Primer sequences for β‐Actin, LncRNA‐xloc‐000303, lncRNA‐LOC152578, and hsa‐miR‐29a genes were initially designed using Beacon Designer software, and their specificity was confirmed using BLAST software (Table 2). The Real Time RT‐PCR reactions were carried out in a total volume of 15 μL, comprising 1 μL of cDNA, 1 μL of forward primer, 1 μL of reverse primer, 7.5 μL of Mastermix Cybergreen () 2X, and 4.5 μL of deionized water. The thermal cycling protocol commenced with an initial denaturation step at 95°C for 10 min, followed by 40 cycles. Each cycle included denaturation at 95°C for 15 s, annealing at 60°C for miRNA and 61°C for lncRNAs for 20 s, and extension at 72°C for 15 s.

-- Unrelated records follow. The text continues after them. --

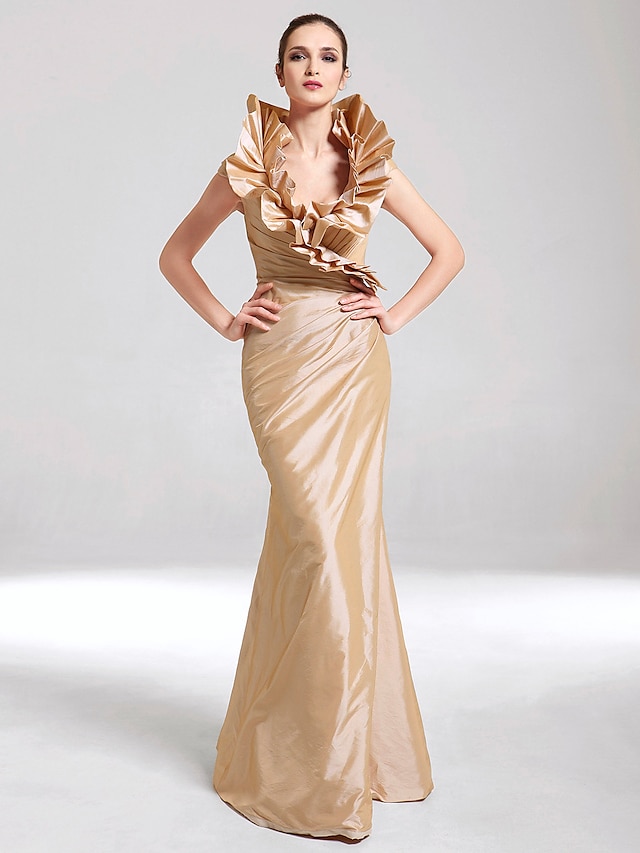  Mermaid / Trumpet Elegant Dress Party Wear Floor Length Sleeveless V Neck Taffeta with Ruffles 2022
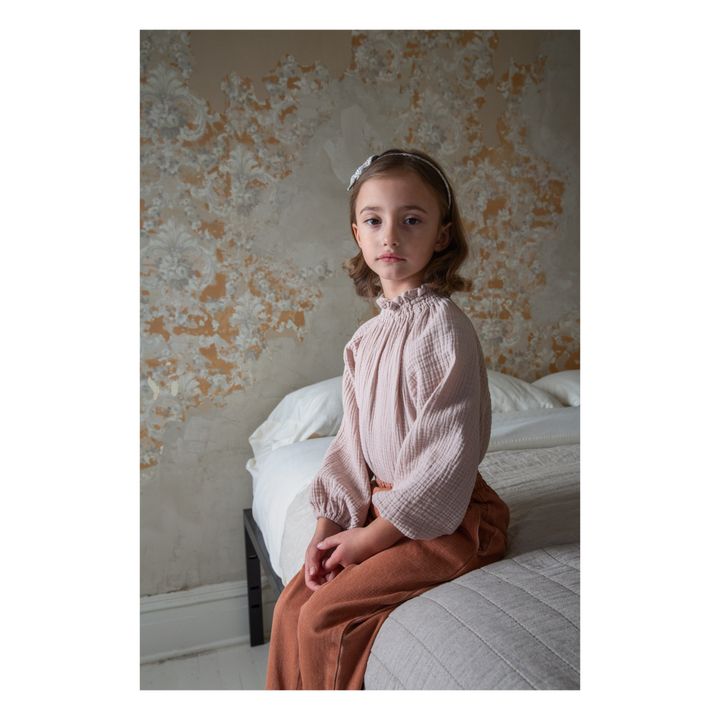 Soor Ploom - Imelda Organic Cotton Muslin Blouse - Pale pink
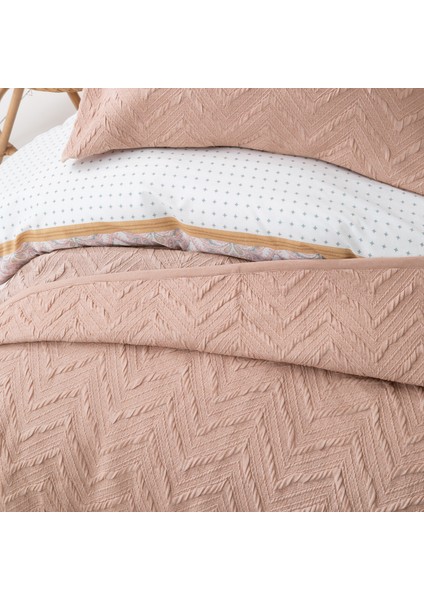 Bedding Curly Çift Kişilik Yatak Örtüsü Seti - Gül Kurusu
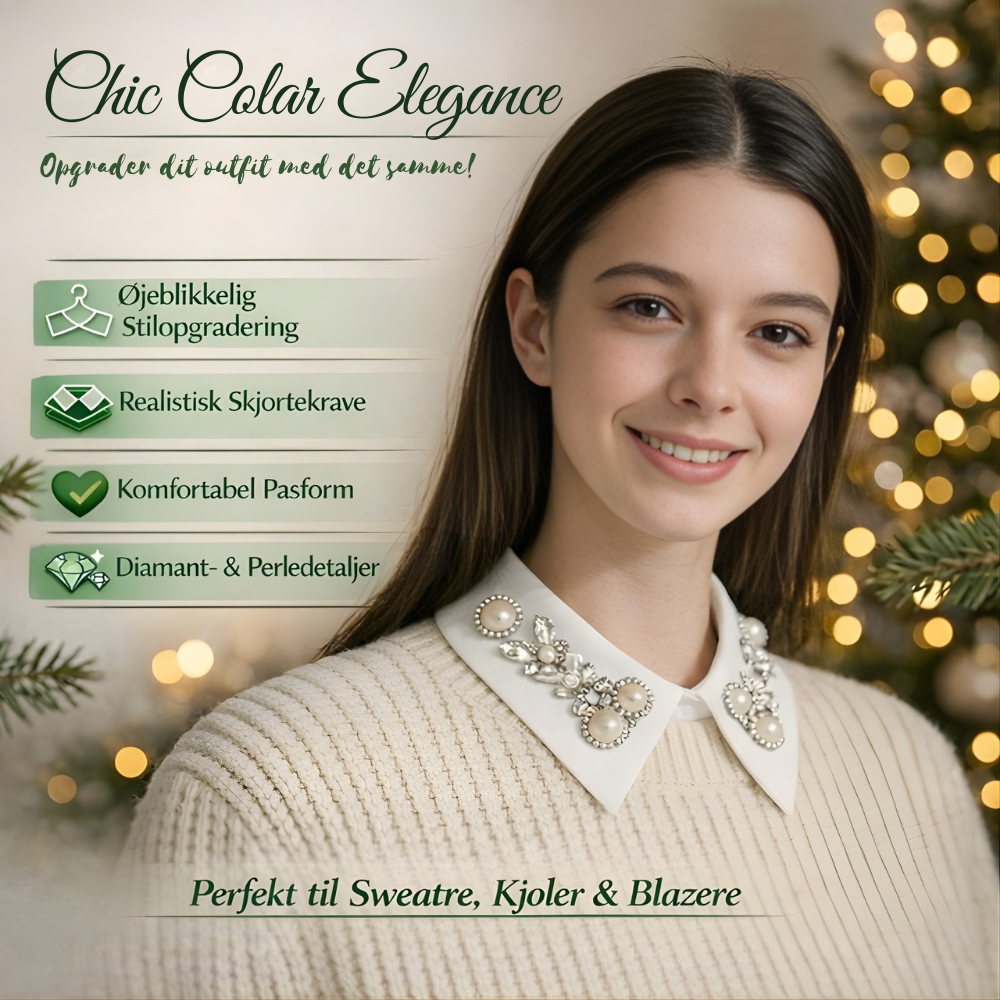 EleganCrest™ – Falsk Skjortekrave med Diamant- & Perledetaljer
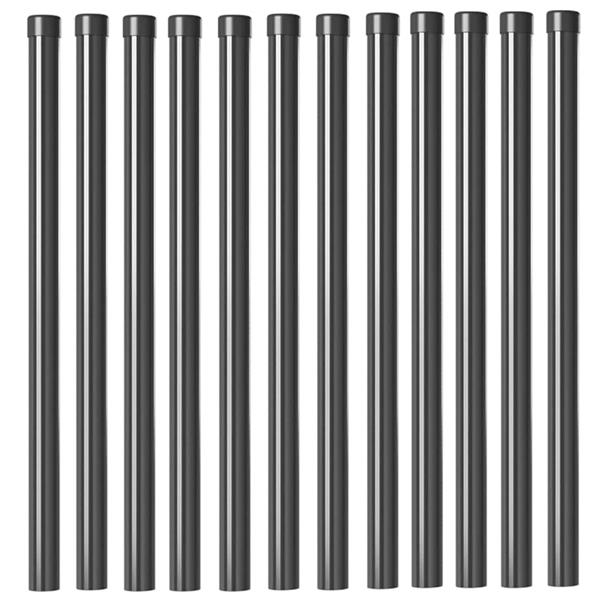 Grote foto vidaxl afrasteringspaal 12 pcs grijs 70 cm poedergecoat staal tuin en terras overige tuin en terras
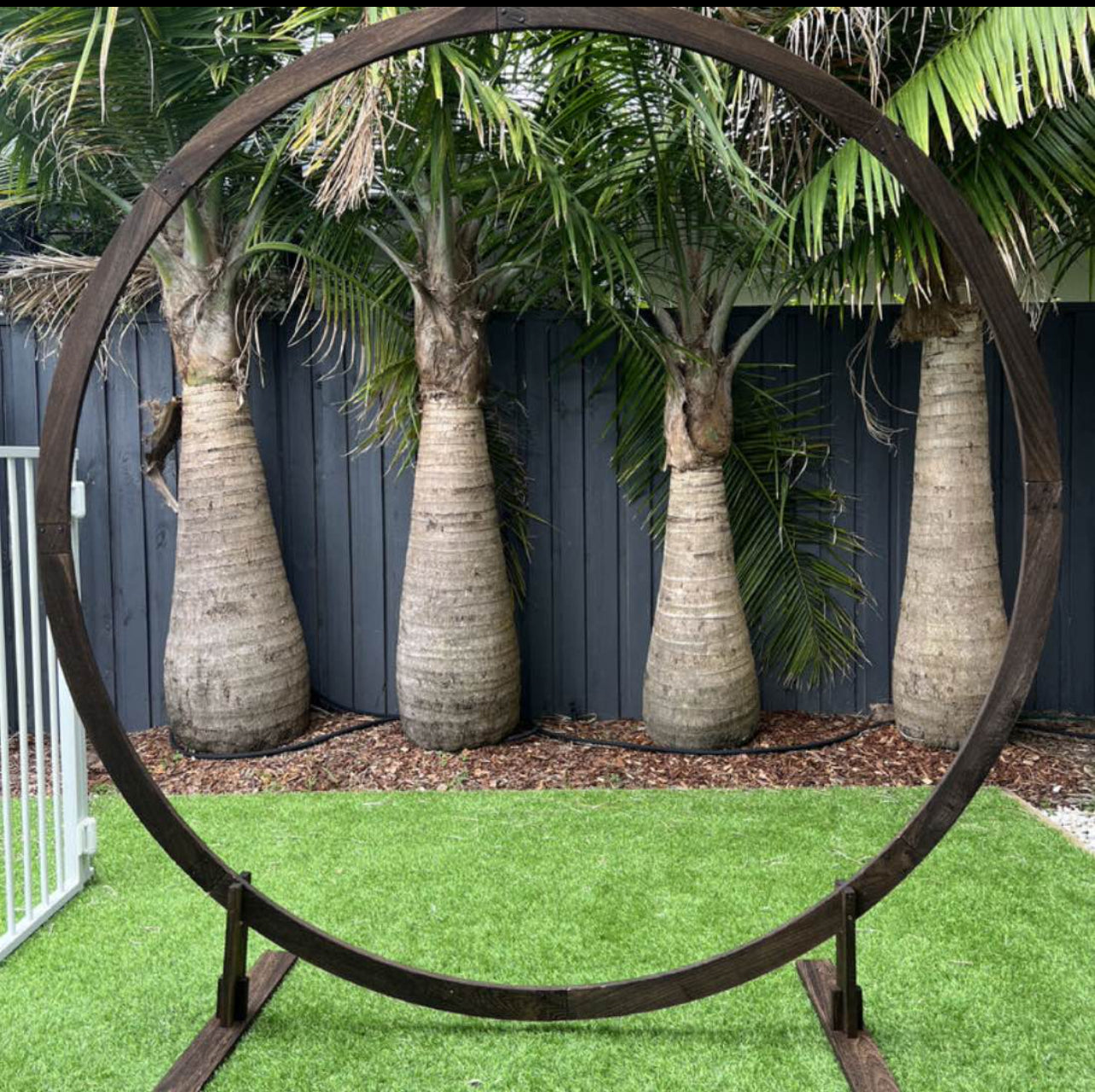 Arbor - 2.5 m Circle Timber Wedding Arch Natural Wood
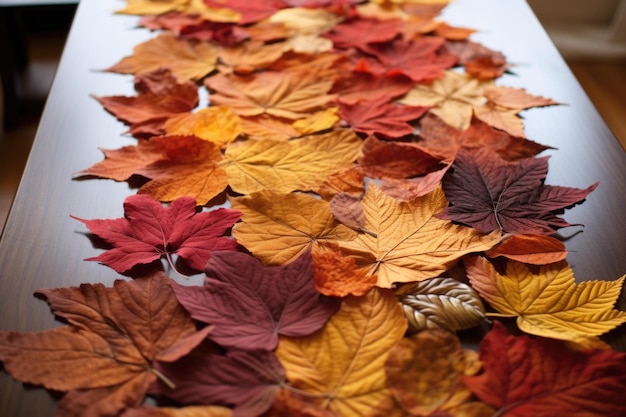 An array of autumn leaves forming a patterned table runner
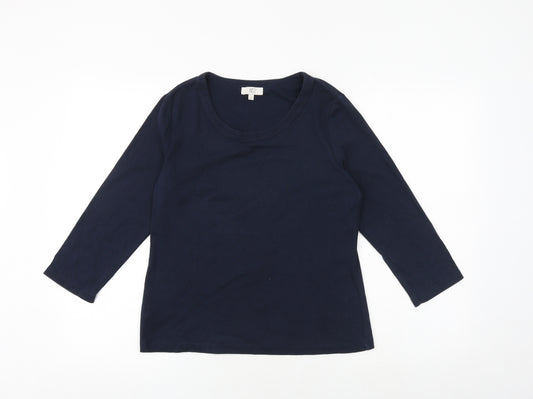 CC Womens Blue 100% Cotton Basic T-Shirt Size M Boat Neck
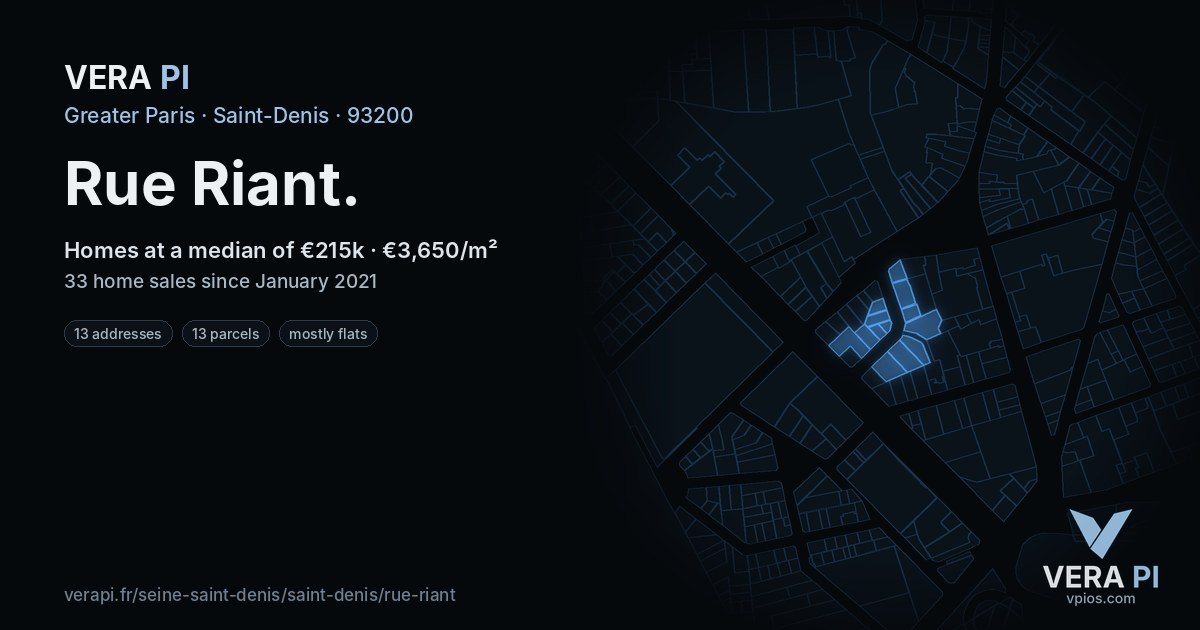 Rue Riant, Saint-Denis at night – every parcel coloured by the prices around it, the street's own parcels lit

Following amplification, a melting curve analysis was performed by ramping from 55°C to 99°C to confirm the presence of specific PCR products based on their melting temperatures.

2.6. Data Analysis

To analyze the expression changes of the studied genes, data from Real Time PCR were processed using the Relative Expression Software Tool (REST). Additionally, GraphPad PRISM 10.3.1 software (GraphPad, US) was utilized to validate expression changes and analyze the quantitative expression levels of each gene, generating corresponding graphs. Statistical analyses were performed using SPSS 24 software (IBM Corp., US). For comparisons across three groups—Differentiated, TS, and Stage—Mann–Whitney tests (non‐parametric) and independent t‐tests (parametric) were employed. These analyses aimed to discern significant differences in gene expression among the various groups and stages of colorectal cancer.

3. Results

3.1. Population Characteristics

In this research, out of the 30 tumor samples and adjacent healthy tissues studied, 20 samples (66.66%) were obtained from male patients and 10 samples (33.33%) from female patients. Among the 30 cancer samples, seven were located in the colon (23.33%) and 23 in the rectum (76.66%). Among these, seven patients (23.33%) had polyps and 16 patients (53.33%) had colitis. Additionally, nine patients (30%) exhibited metastases. Clinicopathological analysis of the histological differentiation of the 30 collected samples revealed two cases of poor differentiation (6.66%), five cases of moderate differentiation (16.66%), and 23 cases of well differentiation (76.66%). Moreover, four samples (13.33%) indicated a genetic predisposition or family history of colon cancer. Statistical analysis of the cancer stage distribution among the samples showed that 19 samples (63.33%) were classified as stage II, eight samples (26.66%) as stage III, and three samples (10%) as stage IV.

3.2. Assessment of the Gene Expression

The Real Time RT‐PCR analysis revealed significant upregulation of LncRNA‐xloc‐000303 expression in tumor tissues compared to healthy tissue (p < 0.0001) (Figure 1a). Conversely, while an increase in the expression of lncRNA‐LOC152578 (Figure 1b) and a decrease in the expression of hsa‐miR‐29a (Figure 1c) were observed in tumor tissues, these changes did not reach statistical significance.

FIGURE 1.

FIGURE 1

Expression changes of LncRNA‐xloc‐000303 (a), lncRNA‐LOC152578 (b), and hsa‐miR‐29a (c) genes in tumor tissues compared to healthy tissue with (****p < 0.0001).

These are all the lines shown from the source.